WHAT TO WORK ON:
Would you restate the entries below word for word, starting at the first line and ending with the one that has "Then this page"?
BEGIN DATA RECORDS
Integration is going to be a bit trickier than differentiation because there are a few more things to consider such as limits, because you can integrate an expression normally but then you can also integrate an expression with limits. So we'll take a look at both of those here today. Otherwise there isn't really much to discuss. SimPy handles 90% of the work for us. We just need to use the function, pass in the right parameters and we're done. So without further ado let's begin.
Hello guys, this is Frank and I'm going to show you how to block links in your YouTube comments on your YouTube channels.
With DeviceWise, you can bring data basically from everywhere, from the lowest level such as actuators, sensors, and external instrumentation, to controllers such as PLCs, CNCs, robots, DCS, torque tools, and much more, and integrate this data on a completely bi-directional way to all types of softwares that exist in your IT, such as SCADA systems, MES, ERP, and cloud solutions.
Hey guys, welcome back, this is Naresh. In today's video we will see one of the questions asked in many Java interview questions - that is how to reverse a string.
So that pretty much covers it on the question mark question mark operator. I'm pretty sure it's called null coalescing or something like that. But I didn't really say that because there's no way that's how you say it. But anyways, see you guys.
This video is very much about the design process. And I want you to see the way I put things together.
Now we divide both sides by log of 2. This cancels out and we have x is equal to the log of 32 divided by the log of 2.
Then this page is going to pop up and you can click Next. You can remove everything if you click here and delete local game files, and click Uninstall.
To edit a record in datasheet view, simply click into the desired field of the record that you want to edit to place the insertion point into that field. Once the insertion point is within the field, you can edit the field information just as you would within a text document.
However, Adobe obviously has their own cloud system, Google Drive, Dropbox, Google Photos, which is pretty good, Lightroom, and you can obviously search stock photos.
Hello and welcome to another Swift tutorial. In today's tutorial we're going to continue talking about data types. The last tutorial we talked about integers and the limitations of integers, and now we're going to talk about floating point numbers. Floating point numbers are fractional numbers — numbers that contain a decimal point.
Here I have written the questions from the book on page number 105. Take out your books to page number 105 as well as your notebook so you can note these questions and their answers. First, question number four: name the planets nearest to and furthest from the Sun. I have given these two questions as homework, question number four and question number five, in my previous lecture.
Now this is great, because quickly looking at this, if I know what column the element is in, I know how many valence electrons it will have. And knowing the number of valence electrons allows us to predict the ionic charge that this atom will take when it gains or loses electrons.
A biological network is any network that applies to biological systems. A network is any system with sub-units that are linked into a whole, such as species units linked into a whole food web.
END DATA RECORDS
EXERCISE RESPONSE:
Integration is going to be a bit trickier than differentiation because there are a few more things to consider such as limits, because you can integrate an expression normally but then you can also integrate an expression with limits. So we'll take a look at both of those here today. Otherwise there isn't really much to discuss. SimPy handles 90% of the work for us. We just need to use the function, pass in the right parameters and we're done. So without further ado let's begin.
Hello guys, this is Frank and I'm going to show you how to block links in your YouTube comments on your YouTube channels.
With DeviceWise, you can bring data basically from everywhere, from the lowest level such as actuators, sensors, and external instrumentation, to controllers such as PLCs, CNCs, robots, DCS, torque tools, and much more, and integrate this data on a completely bi-directional way to all types of softwares that exist in your IT, such as SCADA systems, MES, ERP, and cloud solutions.
Hey guys, welcome back, this is Naresh. In today's video we will see one of the questions asked in many Java interview questions - that is how to reverse a string.
So that pretty much covers it on the question mark question mark operator. I'm pretty sure it's called null coalescing or something like that. But I didn't really say that because there's no way that's how you say it. But anyways, see you guys.
This video is very much about the design process. And I want you to see the way I put things together.
Now we divide both sides by log of 2. This cancels out and we have x is equal to the log of 32 divided by the log of 2.
Then this page is going to pop up and you can click Next. You can remove everything if you click here and delete local game files, and click Uninstall.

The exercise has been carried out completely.